Below are the records; give again exactly the line with "10323 98 Avenue High Level AB T0H 1Z0", the line with "Garage for rent in Calle", and each line that lies between them, and nothing besides.

==================================================

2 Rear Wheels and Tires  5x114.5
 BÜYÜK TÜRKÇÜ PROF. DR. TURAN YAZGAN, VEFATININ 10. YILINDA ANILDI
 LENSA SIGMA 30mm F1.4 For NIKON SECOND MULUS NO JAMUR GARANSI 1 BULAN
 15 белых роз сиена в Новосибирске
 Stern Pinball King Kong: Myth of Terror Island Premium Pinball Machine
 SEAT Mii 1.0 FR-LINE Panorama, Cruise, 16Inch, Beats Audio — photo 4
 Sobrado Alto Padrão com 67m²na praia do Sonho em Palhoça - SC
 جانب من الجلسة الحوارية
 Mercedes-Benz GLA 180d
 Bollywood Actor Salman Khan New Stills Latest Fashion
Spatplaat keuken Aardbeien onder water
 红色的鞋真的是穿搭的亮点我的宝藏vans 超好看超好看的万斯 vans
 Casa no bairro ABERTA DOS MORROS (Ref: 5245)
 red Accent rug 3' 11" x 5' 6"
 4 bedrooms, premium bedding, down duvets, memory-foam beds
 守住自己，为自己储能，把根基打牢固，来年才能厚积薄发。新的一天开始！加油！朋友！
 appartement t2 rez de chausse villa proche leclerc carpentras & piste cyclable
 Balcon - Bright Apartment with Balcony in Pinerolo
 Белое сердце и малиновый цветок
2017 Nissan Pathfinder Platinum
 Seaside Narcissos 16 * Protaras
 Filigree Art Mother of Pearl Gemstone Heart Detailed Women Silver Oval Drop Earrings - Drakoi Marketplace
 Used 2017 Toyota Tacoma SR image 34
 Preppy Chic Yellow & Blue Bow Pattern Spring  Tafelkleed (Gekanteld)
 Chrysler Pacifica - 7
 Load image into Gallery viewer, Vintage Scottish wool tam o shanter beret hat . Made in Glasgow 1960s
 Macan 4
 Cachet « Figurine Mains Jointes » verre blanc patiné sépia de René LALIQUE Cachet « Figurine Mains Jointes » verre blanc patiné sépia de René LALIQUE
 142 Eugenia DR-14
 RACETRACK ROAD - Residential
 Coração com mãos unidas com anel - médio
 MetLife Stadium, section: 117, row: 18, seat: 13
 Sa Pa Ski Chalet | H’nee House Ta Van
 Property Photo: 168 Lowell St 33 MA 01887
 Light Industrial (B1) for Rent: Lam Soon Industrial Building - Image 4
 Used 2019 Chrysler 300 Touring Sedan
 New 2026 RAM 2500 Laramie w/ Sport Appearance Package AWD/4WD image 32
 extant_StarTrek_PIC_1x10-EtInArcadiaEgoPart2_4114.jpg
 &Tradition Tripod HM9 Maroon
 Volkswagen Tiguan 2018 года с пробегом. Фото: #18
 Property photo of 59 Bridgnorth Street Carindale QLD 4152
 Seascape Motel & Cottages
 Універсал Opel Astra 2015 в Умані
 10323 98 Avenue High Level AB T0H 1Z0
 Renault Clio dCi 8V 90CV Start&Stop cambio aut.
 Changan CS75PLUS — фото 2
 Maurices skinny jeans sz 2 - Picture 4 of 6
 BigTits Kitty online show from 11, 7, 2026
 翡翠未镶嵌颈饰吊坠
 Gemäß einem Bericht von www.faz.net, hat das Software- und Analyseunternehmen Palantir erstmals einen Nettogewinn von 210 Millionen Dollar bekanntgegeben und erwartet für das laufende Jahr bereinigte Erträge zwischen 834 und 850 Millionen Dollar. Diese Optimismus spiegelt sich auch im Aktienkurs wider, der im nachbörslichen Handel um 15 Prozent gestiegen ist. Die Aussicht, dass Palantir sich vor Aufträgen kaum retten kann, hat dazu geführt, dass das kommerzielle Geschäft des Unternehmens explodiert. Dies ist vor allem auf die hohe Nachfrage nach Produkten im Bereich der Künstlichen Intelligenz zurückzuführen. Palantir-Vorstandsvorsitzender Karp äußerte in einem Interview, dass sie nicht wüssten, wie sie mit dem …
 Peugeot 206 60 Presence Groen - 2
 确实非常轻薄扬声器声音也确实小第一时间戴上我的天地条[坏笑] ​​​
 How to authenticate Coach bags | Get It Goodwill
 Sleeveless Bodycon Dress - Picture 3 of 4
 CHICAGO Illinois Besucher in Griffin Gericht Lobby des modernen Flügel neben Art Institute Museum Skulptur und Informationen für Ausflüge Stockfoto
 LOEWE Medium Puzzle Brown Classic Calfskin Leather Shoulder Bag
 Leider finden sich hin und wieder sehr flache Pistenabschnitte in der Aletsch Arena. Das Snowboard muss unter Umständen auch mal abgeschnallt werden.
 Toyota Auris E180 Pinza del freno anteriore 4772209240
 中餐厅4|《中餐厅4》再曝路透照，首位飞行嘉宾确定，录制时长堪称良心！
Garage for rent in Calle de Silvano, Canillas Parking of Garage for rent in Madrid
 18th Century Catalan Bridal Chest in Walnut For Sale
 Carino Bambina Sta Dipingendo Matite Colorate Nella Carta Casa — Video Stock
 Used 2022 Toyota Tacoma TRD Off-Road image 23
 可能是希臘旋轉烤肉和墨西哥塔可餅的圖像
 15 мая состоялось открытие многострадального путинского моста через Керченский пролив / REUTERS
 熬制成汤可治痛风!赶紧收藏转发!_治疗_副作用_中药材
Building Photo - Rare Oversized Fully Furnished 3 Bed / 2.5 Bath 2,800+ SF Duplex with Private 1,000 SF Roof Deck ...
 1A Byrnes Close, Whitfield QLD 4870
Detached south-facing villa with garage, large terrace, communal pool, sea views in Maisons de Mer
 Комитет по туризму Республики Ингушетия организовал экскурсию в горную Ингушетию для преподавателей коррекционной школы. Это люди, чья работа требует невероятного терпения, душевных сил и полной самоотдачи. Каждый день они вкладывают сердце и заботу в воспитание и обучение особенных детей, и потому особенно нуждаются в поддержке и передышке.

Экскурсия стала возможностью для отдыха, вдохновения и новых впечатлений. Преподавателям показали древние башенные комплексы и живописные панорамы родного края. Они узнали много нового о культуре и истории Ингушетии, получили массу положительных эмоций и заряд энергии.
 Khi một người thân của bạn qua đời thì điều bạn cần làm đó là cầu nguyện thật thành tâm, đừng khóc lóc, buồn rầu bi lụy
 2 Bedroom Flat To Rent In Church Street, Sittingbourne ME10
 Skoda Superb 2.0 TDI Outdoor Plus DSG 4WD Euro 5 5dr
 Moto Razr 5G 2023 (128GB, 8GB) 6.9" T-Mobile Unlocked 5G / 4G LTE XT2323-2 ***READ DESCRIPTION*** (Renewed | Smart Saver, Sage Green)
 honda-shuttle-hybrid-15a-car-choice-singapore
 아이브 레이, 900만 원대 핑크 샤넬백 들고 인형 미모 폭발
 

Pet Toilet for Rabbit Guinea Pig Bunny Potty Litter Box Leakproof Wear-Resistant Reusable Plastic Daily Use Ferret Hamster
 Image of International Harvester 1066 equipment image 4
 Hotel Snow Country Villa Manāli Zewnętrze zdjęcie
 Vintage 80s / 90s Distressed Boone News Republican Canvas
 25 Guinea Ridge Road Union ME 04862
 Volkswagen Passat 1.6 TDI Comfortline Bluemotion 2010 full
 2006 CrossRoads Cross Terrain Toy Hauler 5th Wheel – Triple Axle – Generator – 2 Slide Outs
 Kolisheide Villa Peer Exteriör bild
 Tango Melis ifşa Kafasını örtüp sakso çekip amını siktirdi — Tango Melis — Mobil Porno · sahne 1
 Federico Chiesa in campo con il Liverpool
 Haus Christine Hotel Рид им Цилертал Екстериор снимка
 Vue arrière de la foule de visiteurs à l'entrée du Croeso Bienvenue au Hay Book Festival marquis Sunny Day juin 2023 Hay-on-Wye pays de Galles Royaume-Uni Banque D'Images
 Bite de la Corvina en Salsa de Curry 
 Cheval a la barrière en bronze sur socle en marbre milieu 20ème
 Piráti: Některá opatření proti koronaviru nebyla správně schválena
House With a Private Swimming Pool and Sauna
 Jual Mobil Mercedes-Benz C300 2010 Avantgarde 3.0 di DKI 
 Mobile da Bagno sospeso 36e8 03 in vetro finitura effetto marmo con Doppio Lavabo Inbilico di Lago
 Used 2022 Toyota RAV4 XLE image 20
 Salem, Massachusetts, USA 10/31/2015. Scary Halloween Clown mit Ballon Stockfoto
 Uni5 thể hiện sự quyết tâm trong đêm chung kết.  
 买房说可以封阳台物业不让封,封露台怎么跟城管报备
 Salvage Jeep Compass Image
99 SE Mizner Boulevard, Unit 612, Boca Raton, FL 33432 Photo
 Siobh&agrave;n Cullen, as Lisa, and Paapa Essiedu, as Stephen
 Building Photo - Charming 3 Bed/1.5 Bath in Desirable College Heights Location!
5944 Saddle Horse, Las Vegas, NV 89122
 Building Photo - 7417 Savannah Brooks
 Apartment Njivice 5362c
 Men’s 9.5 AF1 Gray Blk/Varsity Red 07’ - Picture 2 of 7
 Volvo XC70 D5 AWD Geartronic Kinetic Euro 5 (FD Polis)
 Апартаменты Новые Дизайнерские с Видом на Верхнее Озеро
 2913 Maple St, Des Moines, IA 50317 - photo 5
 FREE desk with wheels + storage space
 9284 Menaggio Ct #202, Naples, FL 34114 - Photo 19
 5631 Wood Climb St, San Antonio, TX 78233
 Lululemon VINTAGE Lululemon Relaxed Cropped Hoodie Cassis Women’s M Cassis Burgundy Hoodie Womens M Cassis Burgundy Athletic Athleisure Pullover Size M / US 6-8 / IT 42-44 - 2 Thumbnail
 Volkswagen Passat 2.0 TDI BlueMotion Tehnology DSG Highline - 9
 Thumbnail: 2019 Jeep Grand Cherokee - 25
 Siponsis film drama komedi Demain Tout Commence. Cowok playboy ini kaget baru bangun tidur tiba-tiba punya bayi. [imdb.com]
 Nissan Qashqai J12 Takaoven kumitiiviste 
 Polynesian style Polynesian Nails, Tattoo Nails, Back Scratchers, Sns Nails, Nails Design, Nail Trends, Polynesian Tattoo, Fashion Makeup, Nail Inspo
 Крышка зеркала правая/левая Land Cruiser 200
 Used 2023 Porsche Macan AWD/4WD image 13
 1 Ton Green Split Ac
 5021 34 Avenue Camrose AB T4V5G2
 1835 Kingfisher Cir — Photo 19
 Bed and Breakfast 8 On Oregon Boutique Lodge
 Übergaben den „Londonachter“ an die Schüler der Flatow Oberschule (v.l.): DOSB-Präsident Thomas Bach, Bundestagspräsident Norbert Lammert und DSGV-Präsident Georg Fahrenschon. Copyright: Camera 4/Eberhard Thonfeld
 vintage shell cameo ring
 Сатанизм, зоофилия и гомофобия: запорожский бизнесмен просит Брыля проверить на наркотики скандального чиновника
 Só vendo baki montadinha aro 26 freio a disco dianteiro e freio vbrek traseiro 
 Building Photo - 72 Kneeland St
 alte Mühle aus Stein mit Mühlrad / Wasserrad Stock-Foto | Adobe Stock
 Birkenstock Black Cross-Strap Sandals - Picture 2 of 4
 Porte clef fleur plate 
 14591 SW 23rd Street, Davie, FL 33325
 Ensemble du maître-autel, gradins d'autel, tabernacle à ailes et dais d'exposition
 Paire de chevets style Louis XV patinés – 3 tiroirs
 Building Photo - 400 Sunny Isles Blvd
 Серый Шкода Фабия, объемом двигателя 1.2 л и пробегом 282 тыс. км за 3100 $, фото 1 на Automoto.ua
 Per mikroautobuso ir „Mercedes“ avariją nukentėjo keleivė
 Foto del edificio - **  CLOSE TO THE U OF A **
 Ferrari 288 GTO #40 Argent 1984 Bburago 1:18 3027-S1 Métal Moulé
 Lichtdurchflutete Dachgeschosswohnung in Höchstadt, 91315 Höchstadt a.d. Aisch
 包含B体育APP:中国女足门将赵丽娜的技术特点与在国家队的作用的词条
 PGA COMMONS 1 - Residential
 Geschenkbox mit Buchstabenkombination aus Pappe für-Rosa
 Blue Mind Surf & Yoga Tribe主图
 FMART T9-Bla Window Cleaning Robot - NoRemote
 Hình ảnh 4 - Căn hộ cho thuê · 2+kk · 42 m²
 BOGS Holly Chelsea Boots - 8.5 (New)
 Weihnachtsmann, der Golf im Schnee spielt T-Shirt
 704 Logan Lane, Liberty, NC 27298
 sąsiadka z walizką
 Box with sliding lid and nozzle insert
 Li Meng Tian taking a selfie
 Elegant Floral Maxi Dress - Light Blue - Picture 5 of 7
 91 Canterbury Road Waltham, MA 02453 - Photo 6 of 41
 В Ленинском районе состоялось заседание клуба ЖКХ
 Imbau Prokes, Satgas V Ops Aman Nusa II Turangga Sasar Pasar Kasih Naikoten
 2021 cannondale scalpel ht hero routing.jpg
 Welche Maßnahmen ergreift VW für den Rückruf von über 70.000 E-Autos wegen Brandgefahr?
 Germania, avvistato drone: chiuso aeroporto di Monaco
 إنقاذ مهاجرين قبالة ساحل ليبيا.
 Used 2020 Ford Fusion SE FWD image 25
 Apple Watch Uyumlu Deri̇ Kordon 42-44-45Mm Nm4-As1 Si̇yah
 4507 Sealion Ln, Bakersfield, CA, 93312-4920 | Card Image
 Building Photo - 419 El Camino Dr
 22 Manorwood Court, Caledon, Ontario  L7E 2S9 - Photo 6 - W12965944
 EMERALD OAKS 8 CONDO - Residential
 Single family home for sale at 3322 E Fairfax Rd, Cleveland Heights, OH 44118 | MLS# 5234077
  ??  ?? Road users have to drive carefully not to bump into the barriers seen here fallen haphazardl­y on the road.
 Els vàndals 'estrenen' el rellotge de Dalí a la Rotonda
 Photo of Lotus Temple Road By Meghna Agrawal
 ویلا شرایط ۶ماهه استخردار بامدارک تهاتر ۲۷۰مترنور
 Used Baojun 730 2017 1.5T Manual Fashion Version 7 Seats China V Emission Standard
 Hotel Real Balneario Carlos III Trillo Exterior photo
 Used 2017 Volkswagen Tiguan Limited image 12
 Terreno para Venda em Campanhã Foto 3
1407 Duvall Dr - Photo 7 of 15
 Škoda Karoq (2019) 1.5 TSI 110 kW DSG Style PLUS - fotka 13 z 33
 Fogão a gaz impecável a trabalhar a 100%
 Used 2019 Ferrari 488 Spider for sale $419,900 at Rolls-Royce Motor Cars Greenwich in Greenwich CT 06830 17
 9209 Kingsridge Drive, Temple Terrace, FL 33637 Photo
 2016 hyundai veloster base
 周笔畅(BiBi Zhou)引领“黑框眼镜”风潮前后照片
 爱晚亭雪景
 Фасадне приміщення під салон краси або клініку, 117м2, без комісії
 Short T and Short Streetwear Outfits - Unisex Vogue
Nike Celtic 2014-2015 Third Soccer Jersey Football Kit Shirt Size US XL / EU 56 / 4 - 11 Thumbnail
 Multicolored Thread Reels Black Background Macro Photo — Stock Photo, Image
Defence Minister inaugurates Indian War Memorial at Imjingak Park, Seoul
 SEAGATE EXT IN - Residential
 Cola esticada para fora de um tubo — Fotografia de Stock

==================================================

* _ANSWER BELOW_
 10323 98 Avenue High Level AB T0H 1Z0
 Renault Clio dCi 8V 90CV Start&Stop cambio aut.
 Changan CS75PLUS — фото 2
 Maurices skinny jeans sz 2 - Picture 4 of 6
 BigTits Kitty online show from 11, 7, 2026
 翡翠未镶嵌颈饰吊坠
 Gemäß einem Bericht von www.faz.net, hat das Software- und Analyseunternehmen Palantir erstmals einen Nettogewinn von 210 Millionen Dollar bekanntgegeben und erwartet für das laufende Jahr bereinigte Erträge zwischen 834 und 850 Millionen Dollar. Diese Optimismus spiegelt sich auch im Aktienkurs wider, der im nachbörslichen Handel um 15 Prozent gestiegen ist. Die Aussicht, dass Palantir sich vor Aufträgen kaum retten kann, hat dazu geführt, dass das kommerzielle Geschäft des Unternehmens explodiert. Dies ist vor allem auf die hohe Nachfrage nach Produkten im Bereich der Künstlichen Intelligenz zurückzuführen. Palantir-Vorstandsvorsitzender Karp äußerte in einem Interview, dass sie nicht wüssten, wie sie mit dem …
 Peugeot 206 60 Presence Groen - 2
 确实非常轻薄扬声器声音也确实小第一时间戴上我的天地条[坏笑] ​​​
 How to authenticate Coach bags | Get It Goodwill
 Sleeveless Bodycon Dress - Picture 3 of 4
 CHICAGO Illinois Besucher in Griffin Gericht Lobby des modernen Flügel neben Art Institute Museum Skulptur und Informationen für Ausflüge Stockfoto
 LOEWE Medium Puzzle Brown Classic Calfskin Leather Shoulder Bag
 Leider finden sich hin und wieder sehr flache Pistenabschnitte in der Aletsch Arena. Das Snowboard muss unter Umständen auch mal abgeschnallt werden.
 Toyota Auris E180 Pinza del freno anteriore 4772209240
 中餐厅4|《中餐厅4》再曝路透照，首位飞行嘉宾确定，录制时长堪称良心！
Garage for rent in Calle de Silvano, Canillas Parking of Garage for rent in Madrid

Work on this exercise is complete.